Refugio otoñal

El libro siempre es un artefacto válido que sirve para sacar al lector de su agobiante actualidad

Hay épocas en que la vida exterior reclama demasiada atención. Han pasado las elecciones, pero, desde su inestable escenario, los políticos continúan voceando y gesticulando. Quizás incluso más que antes. No hay conversación, conjetura o advertencia que se quede en la privacidad de sus despachos. Lo que antes podía considerarse una respuesta democrática a la demanda pública de luz y taquígrafos, ha acabado por convertirse en un exhibicionismo huero para llenar la calle con imágenes de abrazos, declaraciones tácticas y confusas pompas de humo.
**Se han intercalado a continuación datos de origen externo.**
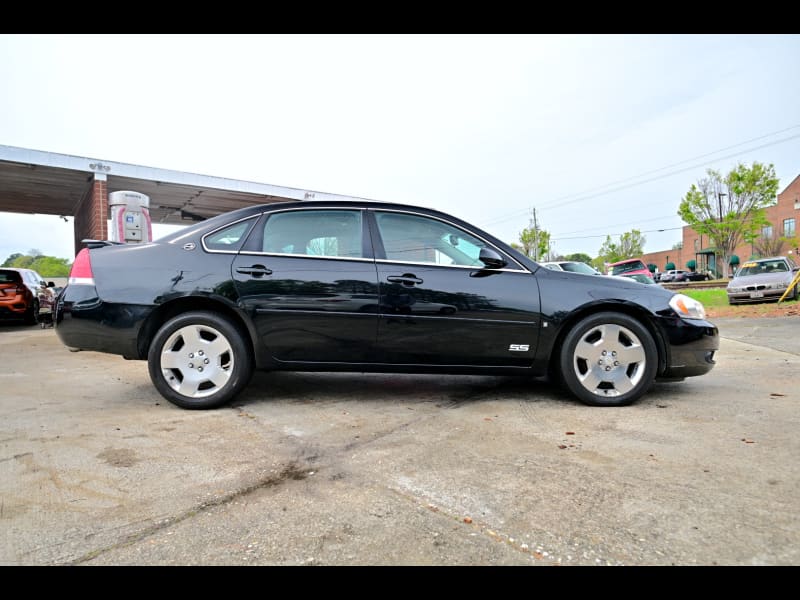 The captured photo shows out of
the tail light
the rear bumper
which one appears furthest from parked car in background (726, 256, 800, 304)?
the tail light

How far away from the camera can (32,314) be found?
34.7ft

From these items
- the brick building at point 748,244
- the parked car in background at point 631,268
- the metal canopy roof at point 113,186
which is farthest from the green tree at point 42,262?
the brick building at point 748,244

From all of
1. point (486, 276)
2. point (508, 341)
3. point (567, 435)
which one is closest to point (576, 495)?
point (567, 435)

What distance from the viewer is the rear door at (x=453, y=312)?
3361 mm

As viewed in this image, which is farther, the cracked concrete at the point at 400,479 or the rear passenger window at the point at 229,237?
the rear passenger window at the point at 229,237

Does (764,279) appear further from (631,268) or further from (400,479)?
(400,479)

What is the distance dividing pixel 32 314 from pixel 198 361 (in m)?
10.1

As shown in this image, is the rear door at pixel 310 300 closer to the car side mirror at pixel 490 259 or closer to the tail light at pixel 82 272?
the car side mirror at pixel 490 259

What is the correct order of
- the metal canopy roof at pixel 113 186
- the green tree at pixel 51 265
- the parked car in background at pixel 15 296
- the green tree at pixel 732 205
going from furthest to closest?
the green tree at pixel 51 265
the green tree at pixel 732 205
the metal canopy roof at pixel 113 186
the parked car in background at pixel 15 296

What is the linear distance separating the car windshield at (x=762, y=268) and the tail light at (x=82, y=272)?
17586 millimetres

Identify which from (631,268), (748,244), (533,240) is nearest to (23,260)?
(533,240)

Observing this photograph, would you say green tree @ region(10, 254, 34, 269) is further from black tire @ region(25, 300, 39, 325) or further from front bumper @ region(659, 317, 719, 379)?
front bumper @ region(659, 317, 719, 379)

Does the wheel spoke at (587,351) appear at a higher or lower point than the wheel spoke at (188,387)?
higher
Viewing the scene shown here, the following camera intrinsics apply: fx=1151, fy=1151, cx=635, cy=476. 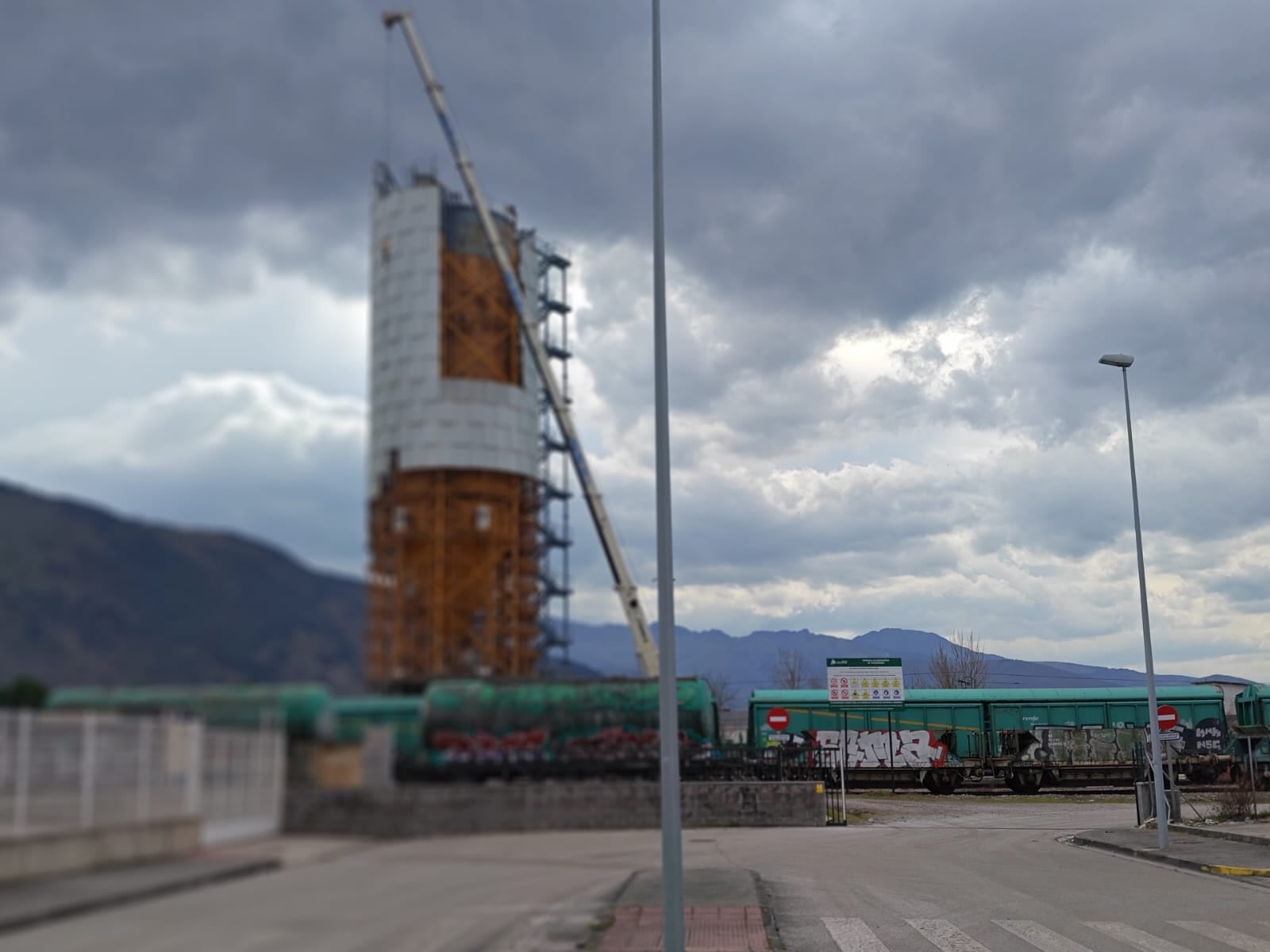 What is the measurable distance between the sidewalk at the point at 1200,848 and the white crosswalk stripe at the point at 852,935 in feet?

El espectáculo de la política no cesa y mantiene los mismos encuadres y protagonistas. El único gesto comprensible de los últimos tiempos lo ha hecho Albert Rivera: al menos como buen perdedor se ha bajado del escenario.

Por fortuna, para la gente que, en bien de su equilibrio psíquico, quieran alejarse de tanta algarabía, hay en estos días otoñales un refugio ideal: la feria del libro antiguo. El libro siempre es un artefacto válido que, entre otros alicientes, sirve para sacar al lector de su agobiante actualidad. Y más el libro antiguo, viejo, agotado, descatalogado, que reúne el encanto de poder ser encontrado por azar, tras una búsqueda incierta, deambulando por anaqueles y estanterías instalados provisionalmente en una plaza pública. Estas librerías tienen un empaque austero y melancólico, distinto a las que en primavera exhiben las novedades de los autores más apabullantes. En este tipo de feria suele darse el hallazgo ocasional (el libro del que no se sospechaba su existencia, pero se descubre y despierta un súbito interés), el encuentro con un título que se llevaba años persiguiendo y finalmente aparece medio perdido entre otras cubiertas usadas. De pronto, uno se sorprende ante un ejemplar que la editorial descatalogó demasiado pronto y no pudo comprarse en su momento. A veces, se completa una colección de la que faltaba un título. Se da, pues, un estimulante juego de busca y captura entre lo previsible y lo inesperado. Todo ello en un ambiente de complicidad con el librero que no se establece en primavera. Porque el comprador en esta feria otoñal salva un libro que estaba ya condenado a desaparecer. Es un milagro que se mantenga esta tradición redentora, permitiendo darle una segunda vida a ejemplares que merecían pasar a nuevas manos. Convendría, pues, que los políticos no gesticularan tanto, pero, cuando menos, mientras perdure este refugio otoñal del libro, podremos guarescernos de su persistente vendaval de palabras huecas.